Consistency on the part of the Board in its interpretation and decision making on matters concerning child pornography is also proving to be a serious problem. A film titled “The Reader” - which was recently screened in theatres nationwide - contains scenes of sexual conduct between a heterosexual adult and a minor and would clearly fall within the definition of “child pornography” and on the Board’s interpretation, ought to be banned. The question that begs to be answered is whether this inconsistency is based on an element of intolerance and discrimination against the gay, lesbian intersex community in respect of their right to freely express themselves on matters fundamental to their human nature.  

Worrying aspects of the judgment aside, it does constitute a way forward in respect of the dreaded task of striking the correct balance between the right to freedom of expression and children’s rights, while not ignoring the ills of genuine child pornography.                  

In the words of the Appeal Board, “... this is a film of considerable artistic merit which treats the issue of intolerance towards intersex persons in a sensitive and meaningful manner.
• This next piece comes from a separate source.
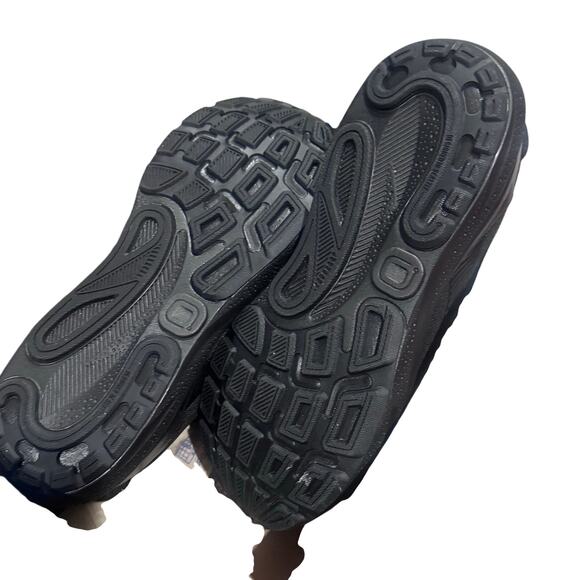 Brooks Men\'s Adrenaline GTS 24 Road Running Shoes Black Size 9.5 NWB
It is also a superbly crafted film with riveting performances by the lead characters”. It will be screened by OIA in September at the 2009 Film Festival and will hopefully contribute towards a better understanding of the complex nature of the issues involved. The media needs to convey this underlying sentiment of the judgment and in the process help to expand public awareness of the need to vigilantly oppose incursions on personal freedoms, particularly the right to freedom of expression.